*Aim of the exercise*. Within the entries below, please retype exactly the lines starting with the line that has "Wacker Neuson WL60 Utovarivači na kotačima" and going on through the line that has "Rhodesian Brushstroke Multi-terrain", but not the pictures.

**** Information supplied ****

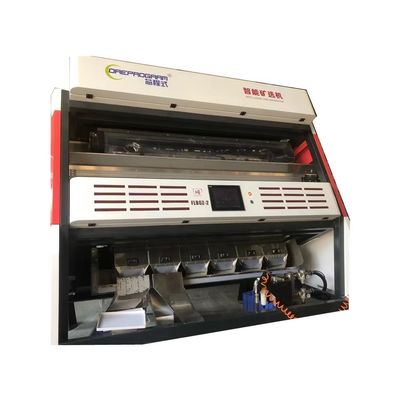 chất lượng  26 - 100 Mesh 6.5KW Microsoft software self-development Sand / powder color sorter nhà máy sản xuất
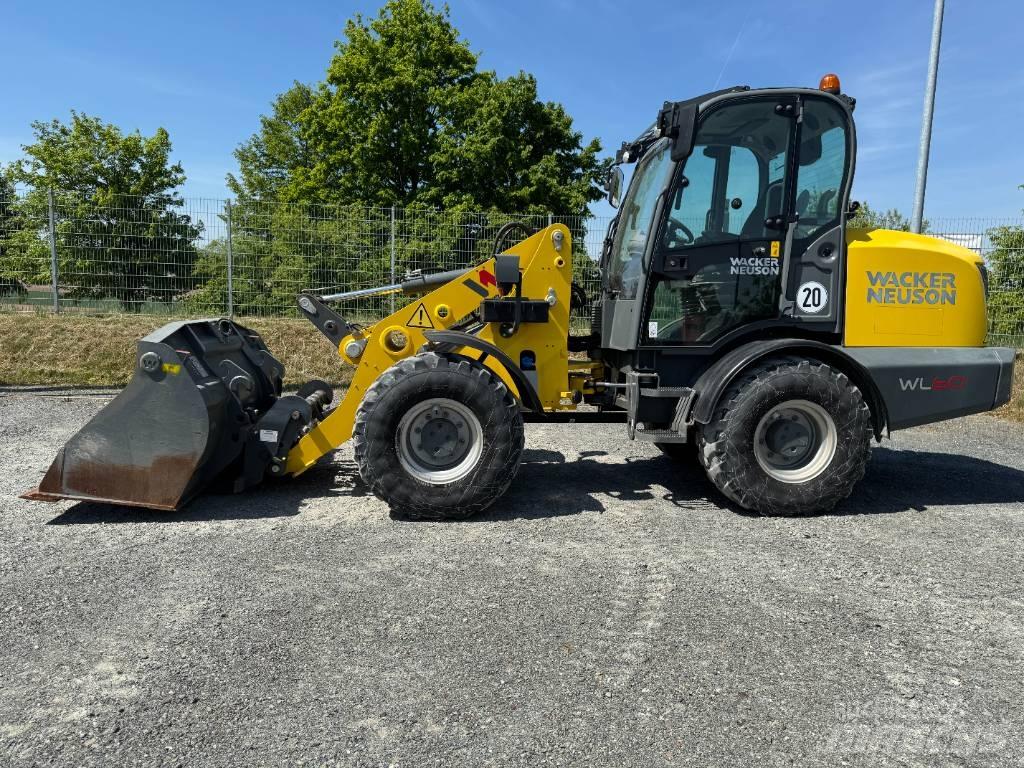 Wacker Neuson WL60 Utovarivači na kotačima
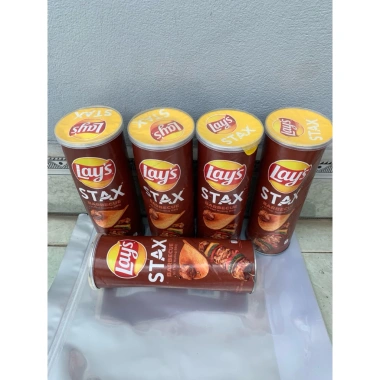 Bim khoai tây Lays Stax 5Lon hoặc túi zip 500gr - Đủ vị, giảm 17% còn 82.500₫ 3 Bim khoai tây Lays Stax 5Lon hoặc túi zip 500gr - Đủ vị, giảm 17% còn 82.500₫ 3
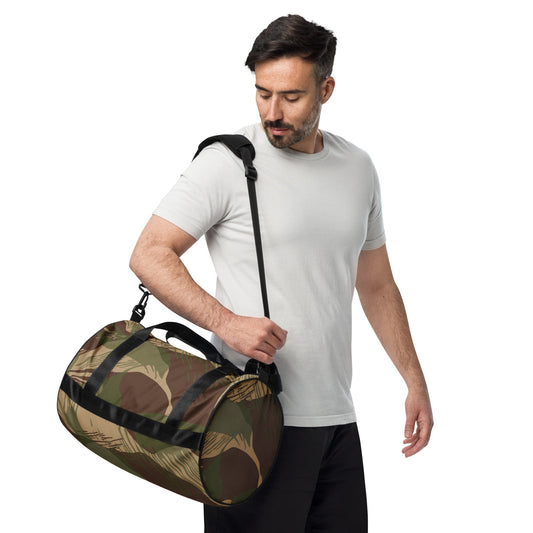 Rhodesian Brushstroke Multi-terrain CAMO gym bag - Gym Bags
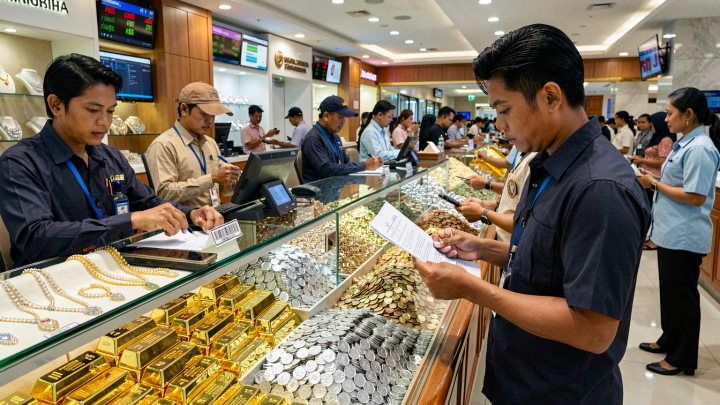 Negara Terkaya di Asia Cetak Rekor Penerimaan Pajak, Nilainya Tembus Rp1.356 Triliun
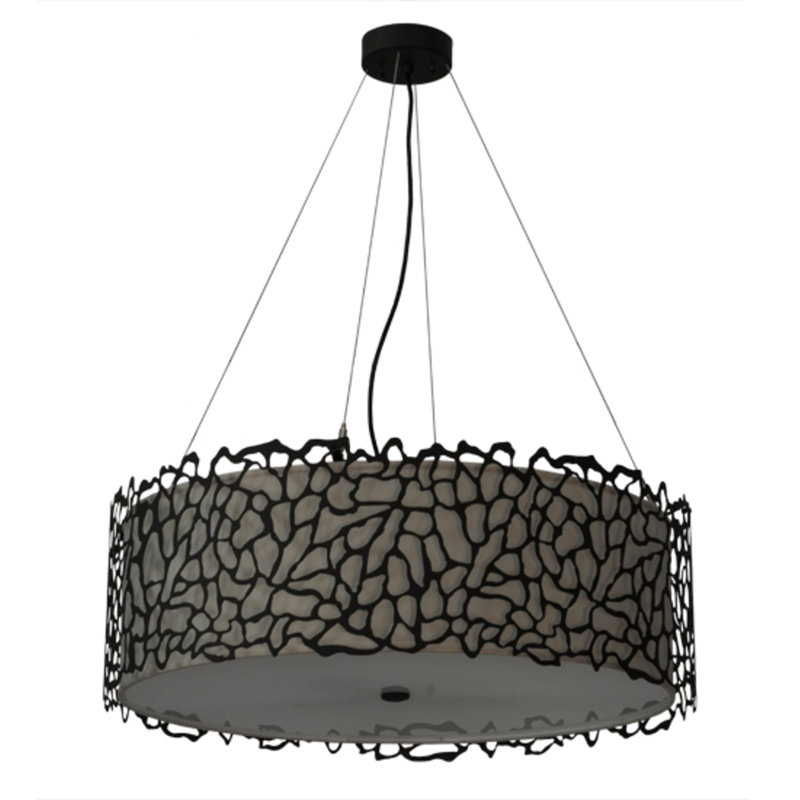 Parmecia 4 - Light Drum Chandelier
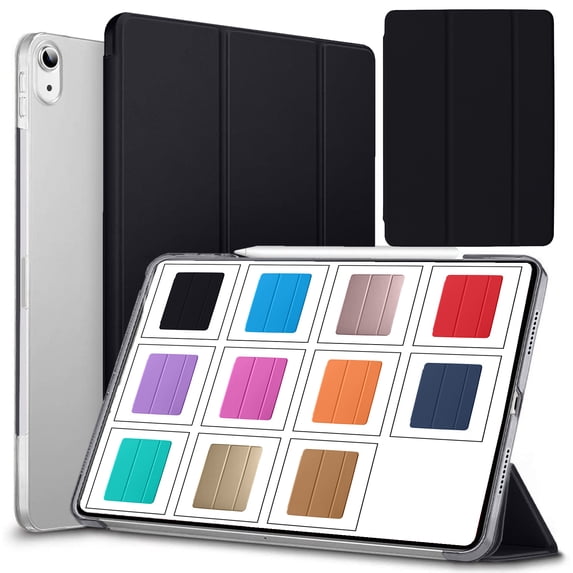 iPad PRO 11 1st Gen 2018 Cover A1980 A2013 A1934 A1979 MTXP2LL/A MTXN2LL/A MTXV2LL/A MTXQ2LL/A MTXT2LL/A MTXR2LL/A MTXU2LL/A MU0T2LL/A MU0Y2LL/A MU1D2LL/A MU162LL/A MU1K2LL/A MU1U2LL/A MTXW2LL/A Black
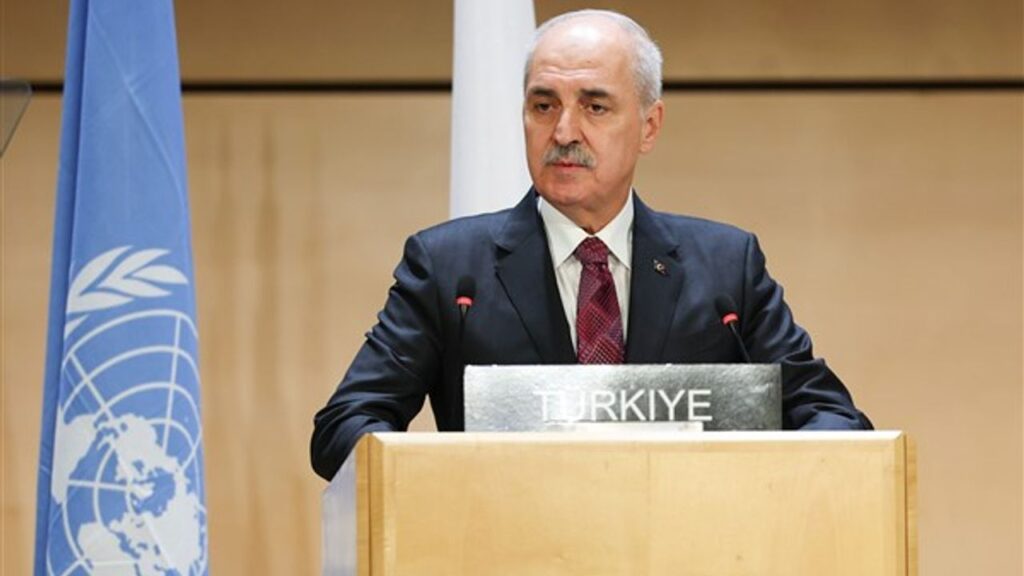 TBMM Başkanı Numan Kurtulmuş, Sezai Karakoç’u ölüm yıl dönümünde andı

****

*Solution to this exercise*.
 Wacker Neuson WL60 Utovarivači na kotačima
 Bim khoai tây Lays Stax 5Lon hoặc túi zip 500gr - Đủ vị, giảm 17% còn 82.500₫ 3 Bim khoai tây Lays Stax 5Lon hoặc túi zip 500gr - Đủ vị, giảm 17% còn 82.500₫ 3
 Rhodesian Brushstroke Multi-terrain CAMO gym bag - Gym Bags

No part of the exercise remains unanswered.